If you are mailing a ballot, the U.S. Postal Service recommends that it have been in the mail by Oct. 20 to ensure it arrives by Nov. 3. You can also drop off your mail-in ballot in person at your town or city hall and many have secure drop boxes for ballots so they can be returned at any time. Make sure the drop box is legitimate -- don't fall for cardboard boxes or handmade signs. 
 
Early in-person voting ends on Oct. 29. 
All ballots sent through the mail must be postmarked by Nov. 3 and received no later than Nov.  6. 
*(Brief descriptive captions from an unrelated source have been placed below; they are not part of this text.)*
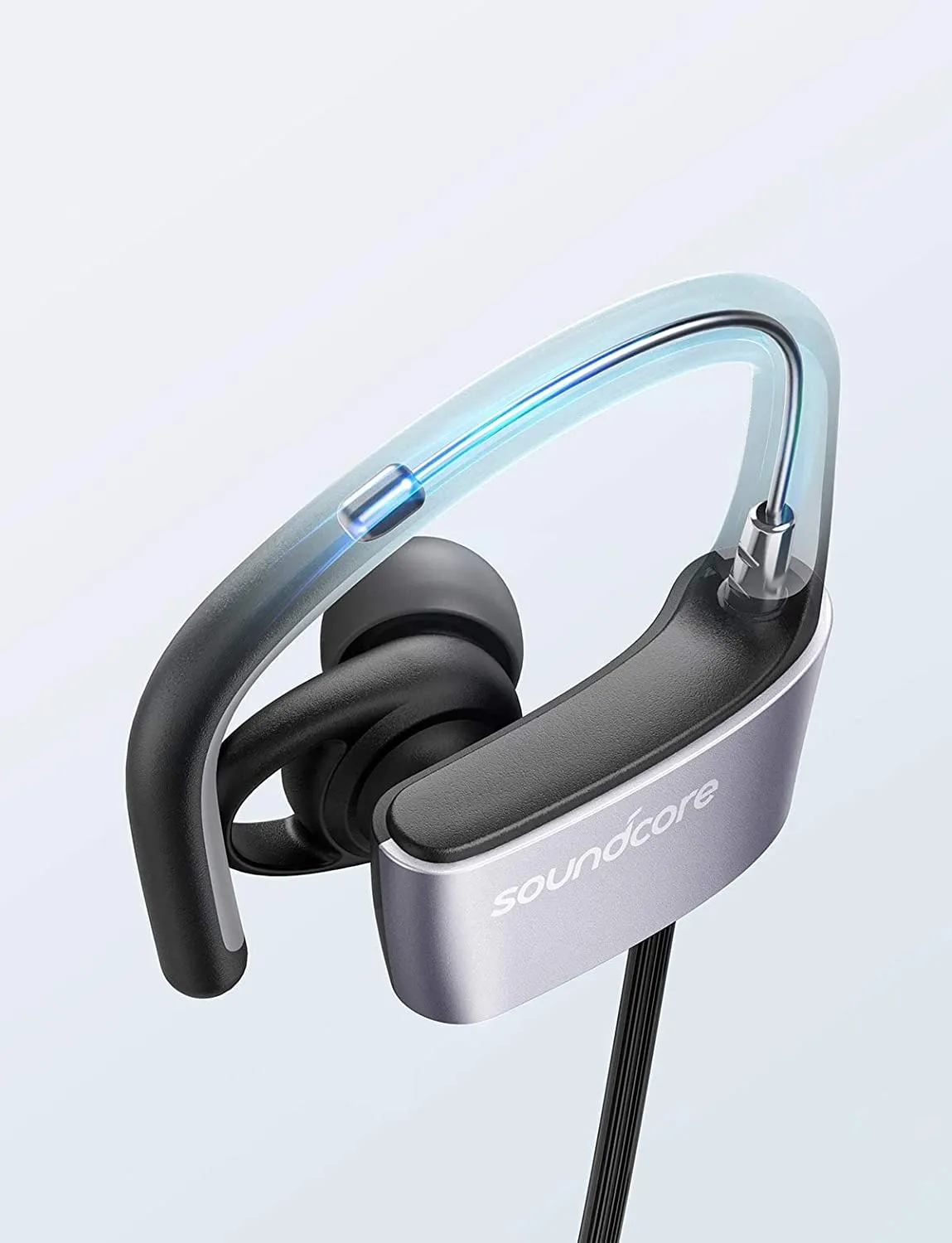 Anker Soundcore Arc Wireless Sport Earphones, IPX5 Water Resistant, 10 Hour Battery Life, with Flexible EarHooks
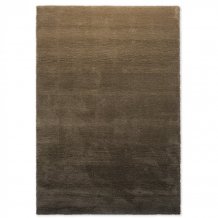 Jednobarevný vlněný koberec B&C Shade Low beige dark chocolate 010101 Brink & Campman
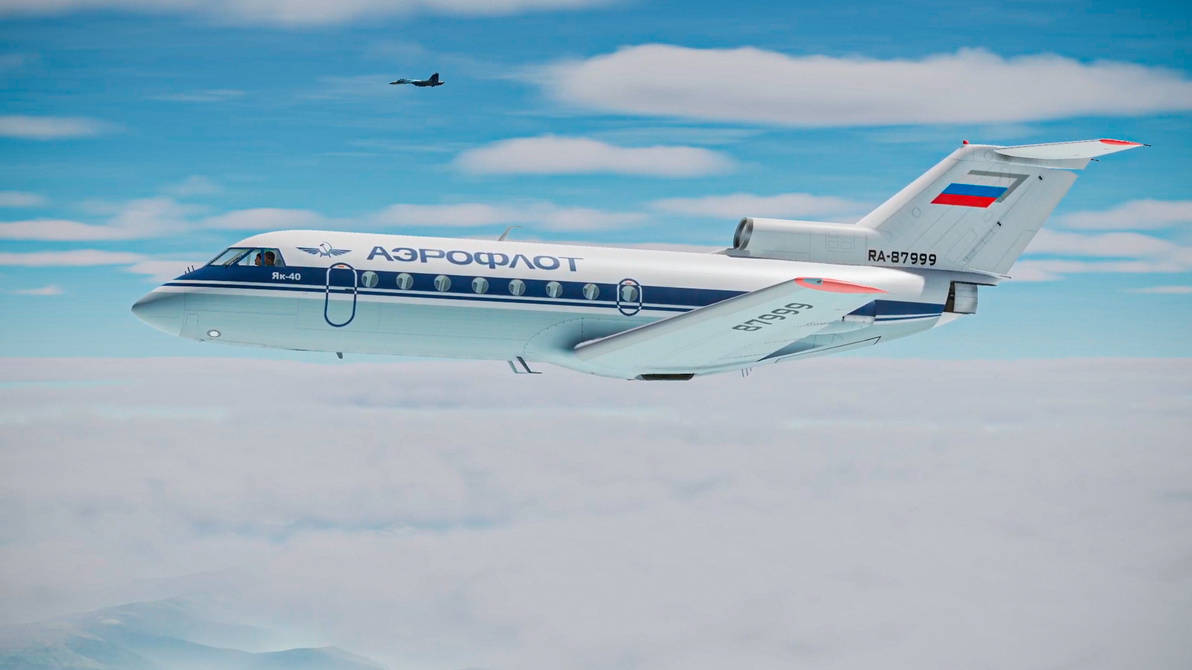 Yak-40 Codling by furgonking on DeviantArt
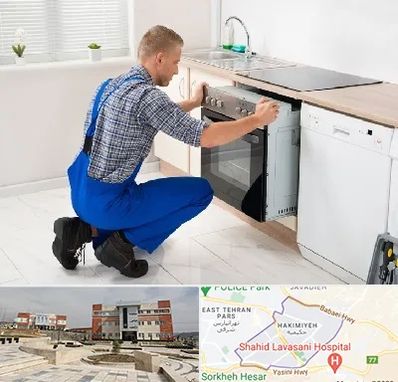 تعمیر اجاق گاز در حکیمیه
Ballots being dropped off must be delivered by 8 p.m. on Nov. 3 and do not require a postmark. 
 
If you are voting on election day, find your polling station here.
 
If you wish to vote early, you can find the place and hours here. Here are some local locations: 
 
Adams Town Hall: 9 to 4 weekdays; noon to 4 on Saturdays; and 9 to 1 on Sundays. 
 
Cheshire Town Hall: 9 to 4 Wednesday & Thursday (Oct. 21 & 22) and 9 to 5 Tuesday through Thursday (Oct. 27, 28 & 29); 2 to 4 on Saturday; 10 to noon on Sunday. 
 
Clarksburg Community Center: 2 to 4 Thursday, Saturday and Sunday, and also 7 to 8 p.m. on Saturday. 
 
Dalton Town Hall: 8:30 to 4:30 weekdays except Friday; 2 to 4 Saturday; and 9 to 11 Sunday. 
 
Great Barrington Town Hall: 8:30 to 4 weekdays; 2 to 4 Saturday; 10 to noon on Sunday. 
 
Lanesborough Town Hall: 8:30 to 1 weekdays except Friday; 2 to 4 on Saturday and Sunday.
 
Lee Town Hall: 8:30 to 4 weekdays; 2 to 4 Saturday; 8:30 to 10:30 a.m. Sunday.
 
Lenox Town Hall: 8:30 to 4 weekdays; 2 to 4 Saturday and Sunday.
 
North Adams City Hall: 9 to 4 Monday-Thursday; 9 to noon Friday; noon to 4 Saturday; 9 to 1 on Sunday. 
 
Pittsfield City Hall: 8:30 to 4 weekdays; 2 to 7 p.m. Saturday and 8 to 1 on Sunday. 
 
Williamstown Town Hall: 8:30 to 4:30 weekdays; 2 to 4 on Saturday; 10 to noon on Sunday. 
 
Votes will be cast for president, U.S. senator, U.S. representative, state senator, state representative,  and register of probate; and for two ballot questions, one on the so-called "right to repair" and one on ranked choice voting. Voters in Williamstown and Lanesborough will also be casting ballots for Mount Greylock Regional School Committee.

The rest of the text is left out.